Tuesday, January 20, 2009

Too much optimization

I just found a major bug in my dictionary based rainbow table program. The MD4 hashing algorithm I was using for NTLM, (though thank god not MSCACHE), passwords does not work for passwords over 14 characters long. I discovered this when attempting to build a table to crack strong, (16+ character) passwords. I'm kicking myself because this limitation was documented in the actual code. The fix is easy enough, (if > 14 then use old hashing algorithm), but going back it really messed up some of my older ntlm tables, (aka the old tables were generated using incorrect hashes for 15+ characters, so if I start hashing them correctly the old tables break). Normally at this point I would just change the version number of my new tables, (I tried to build some future proofing into my setup), but this also explains why my program was crashing on some other computers I was testing it on. Aka, on my development desktop it would just give garbage for those long passwords, while on my mac it give a full on seg fault.

I guess what I'm trying to say is A) I'm frantically trying to rebuild my NTLM tables before shmoocon, and B) You really need to read ALL the comments ;)

The plus is that my MSCasche, MD5, and some of my older NTLM (keyboard combo), tables are still good, and combined with what I can create after hyjacking a couple of my coworker's computer, I should still have a fairly good selection to release at Shmoocon.

Tuesday, January 13, 2009

Dictionary Based Rainbow Tables

I'll be officially releasing drcrack at shmoocon but I'd like to spend a bit of time talking about it first. If you want to obtain the code or some of our pre-generated tables feel free to pick them up here. The short explanation of it is that drcrack is a modified version of the rainbow table generation program rcrack. It allows an attacker to create rainbow tables based on dictionary words and mangling rules. What does this mean? Well against unsalted hashes it will allow an attacker to save their work and reuse it on future cases, reducing the time it takes to audit a password from days/weeks/months down to minutes. This gives the attacker the opportunity to try much more sophisticated mangling rules.

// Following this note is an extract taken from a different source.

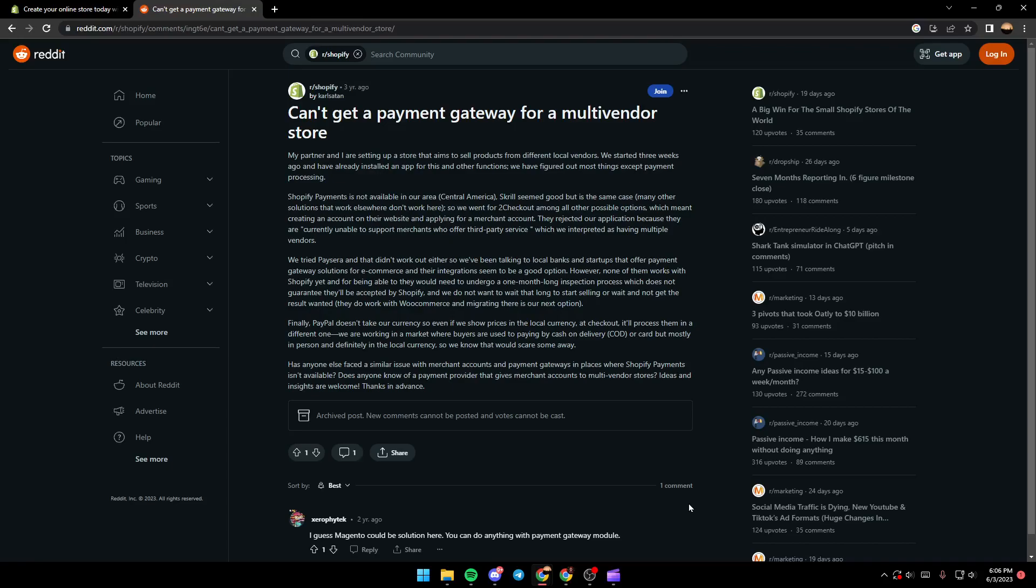As you can see, we are on Reddit where I found some information that could be helpful for our problem. Here is a guy that has the same problem.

I've been working on this project off and on for about a year and a half, and it's been fun watching it evolve. Originally it was very limited in the dictionary/word mangling rule selection as I tried to minimize the time it takes to select the proper rule to use for each step. I eventually settled on a slightly slower method that gives the user more options though.  Also, I'm fairly proud of the method for letter replacement as that was a major stumbling block, (aka how do you avoid trying replacement rules such as swapping an '@' for an 'a' on words that don't have those characters?). Additionally, I originally replaced all the un-optimized hashing functions with slightly betters ones taken from John the Ripper. Later I dropped those in favor of even faster ones from the rcracki project found at www.freerainbowtables.com.  In fact, they work so well, I've been thinking about modifying John the Ripper to use them.

Why yes, I am bragging!

I have found some limitations though that I'm still working on. First of all, full case mangling is still not supported, (aka trYiNG AlL CaSes). Note, basic case mangling is supported though, (UPPERCASE, Capitalization, lowercase, lasT letteR). I have a plan to fix this but quite simply the chances of it being done by shmoocon are remote. Second, drcrack is very sensitive to the dictionary used as duplicate guesses can cause chains to merge and work to be wasted. For example, I was trying to build a table that combines different keyboard combo's such as qwerty, 12345, awds, etc. The problem was that certain shorter combos match longer combos when combined.  aka if you combined "qwerty" + "uiop[]\" it would create a collision with the single combo "qwertyuiop[]\" which is just someone going across the top of the keyboard. Also you have to be careful to remove duplicate words from your input dictionary and for word mangling rules to not generate duplicates. An example of this would be if you had the word "Password" in your input dictionary, and tried the rules "No-op, try as is", and "Capitalize the first letter". If you use both those rules they will generate a collision as it creates the guess "Password" twice. Looking back on it, I should have put in a safety factor that says if a rule, (besides No-op) does not modify a word, then throw in a junk result, (aka hash "Password-Error-No-First-Upper"). I might still do that in a later version, but the problems with rainbow tables is that by making that change my old tables would no longer work. It's not the end of the world as I could put a version check in, but I'm still debating that.

As always, if there is anything you would like changed or added, (or heaven forbid you find a bug), please let me know.